Decidir con empatía: la conciencia ante el final de la vida

25.09.2025

Durante esta clase abordamos uno de los temas más sensibles de la ética médica contemporánea: la eutanasia. A partir del análisis del debate ético y legal que se desarrolla actualmente en Chile, reflexionamos sobre el equilibrio entre el derecho del paciente a una muerte digna y la libertad de conciencia del profesional de salud.

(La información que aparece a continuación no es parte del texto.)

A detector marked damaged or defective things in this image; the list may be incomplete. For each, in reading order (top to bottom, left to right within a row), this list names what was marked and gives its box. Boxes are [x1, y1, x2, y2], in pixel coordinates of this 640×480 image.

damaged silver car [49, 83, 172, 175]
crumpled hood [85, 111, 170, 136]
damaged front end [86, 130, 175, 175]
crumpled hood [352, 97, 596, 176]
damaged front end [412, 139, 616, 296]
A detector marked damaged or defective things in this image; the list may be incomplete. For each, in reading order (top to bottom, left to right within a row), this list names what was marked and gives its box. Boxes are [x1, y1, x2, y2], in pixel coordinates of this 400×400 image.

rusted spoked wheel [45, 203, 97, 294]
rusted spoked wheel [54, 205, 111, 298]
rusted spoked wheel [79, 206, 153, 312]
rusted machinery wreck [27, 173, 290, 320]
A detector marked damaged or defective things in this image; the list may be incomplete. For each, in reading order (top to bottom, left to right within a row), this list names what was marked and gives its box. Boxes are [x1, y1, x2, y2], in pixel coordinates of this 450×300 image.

La actividad consistió en una entrevista grupal a una compañera, quien decidió no ser objetora de conciencia, con el fin de comprender cómo se vive esta postura desde la responsabilidad médica, la empatía y el respeto por la autonomía del paciente.

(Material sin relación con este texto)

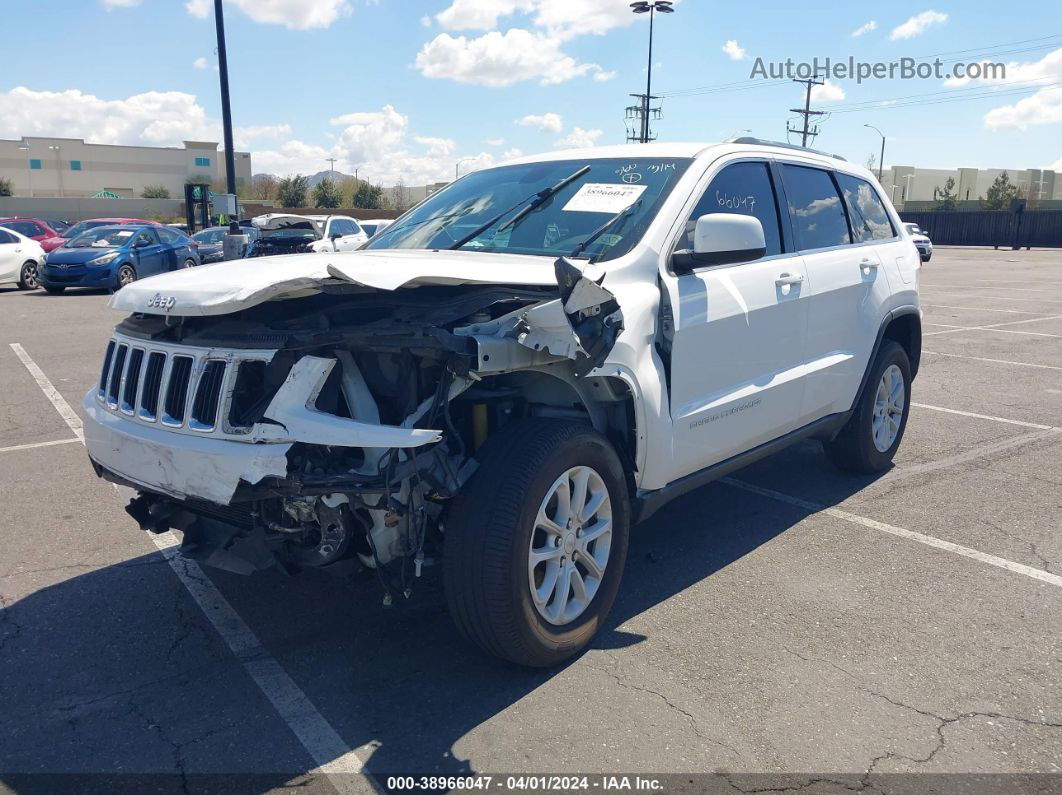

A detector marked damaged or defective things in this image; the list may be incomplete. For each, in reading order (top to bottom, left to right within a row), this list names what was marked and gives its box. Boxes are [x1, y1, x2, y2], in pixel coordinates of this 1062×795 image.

crumpled hood [105, 249, 564, 314]
damaged front end [87, 263, 628, 594]
crack in asphalt [581, 658, 747, 764]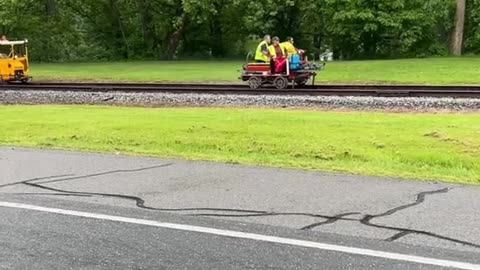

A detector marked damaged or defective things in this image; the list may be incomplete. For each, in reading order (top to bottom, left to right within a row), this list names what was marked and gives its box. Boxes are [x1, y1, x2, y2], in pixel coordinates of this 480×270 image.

crack in asphalt [1, 169, 478, 249]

A través de esta conversación, se buscó promover un diálogo crítico sobre los dilemas éticos que plantea el final de la vida, los límites del deber médico y el rol de la objeción de conciencia frente a decisiones que involucran sufrimiento, autonomía y compasión.

Entrevista

1. ¿Cuál es tu opinión sobre la eutanasia y qué rol debería tener la objeción de conciencia si se aprueba en Chile?

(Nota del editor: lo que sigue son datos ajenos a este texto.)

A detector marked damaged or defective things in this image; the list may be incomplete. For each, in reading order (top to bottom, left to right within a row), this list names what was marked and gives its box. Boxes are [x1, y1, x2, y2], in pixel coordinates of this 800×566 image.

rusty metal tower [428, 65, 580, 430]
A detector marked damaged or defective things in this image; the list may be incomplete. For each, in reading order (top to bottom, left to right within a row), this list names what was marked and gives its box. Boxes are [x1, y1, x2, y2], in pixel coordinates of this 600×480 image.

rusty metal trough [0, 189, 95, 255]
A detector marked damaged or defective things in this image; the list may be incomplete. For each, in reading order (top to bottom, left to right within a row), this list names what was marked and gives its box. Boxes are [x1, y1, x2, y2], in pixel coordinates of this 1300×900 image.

Creo que la eutanasia debería ser una opción regulada, acompañada y ética, para aquellas personas que atraviesan enfermedades terminales con sufrimiento físico o psicológico intolerable. La objeción de conciencia individual debería respetarse, pero siempre con la obligación de derivar de manera oportuna al paciente, para no vulnerar su derecho a decidir. La objeción institucional, en cambio, podría restringir el acceso a este derecho, especialmente en zonas donde no hay múltiples centros asistenciales.

2. ¿Por qué decidiste no ser objetora de conciencia frente a la eutanasia?

Porque pienso que el rol del profesional de salud es acompañar al paciente incluso en el proceso de morir, con humanidad y sin juicios personales. Ser no objetora no significa estar de acuerdo con todas las decisiones, sino reconocer la autonomía del paciente y respetar su deseo de evitar un sufrimiento que ya no tiene sentido terapéutico. Para mí, acompañar también es una forma de cuidar.

3. ¿Qué dilemas éticos crees que podrían surgir en la práctica si se legaliza la eutanasia?

Los principales dilemas se relacionan con la evaluación de la capacidad del paciente, la presión familiar y las diferencias entre las convicciones del médico y las del paciente. También puede surgir conflicto entre la autonomía y la beneficencia: a veces, el deseo de proteger puede chocar con la voluntad del enfermo. Por eso es fundamental contar con equipos interdisciplinarios, acompañamiento psicológico y procesos claros.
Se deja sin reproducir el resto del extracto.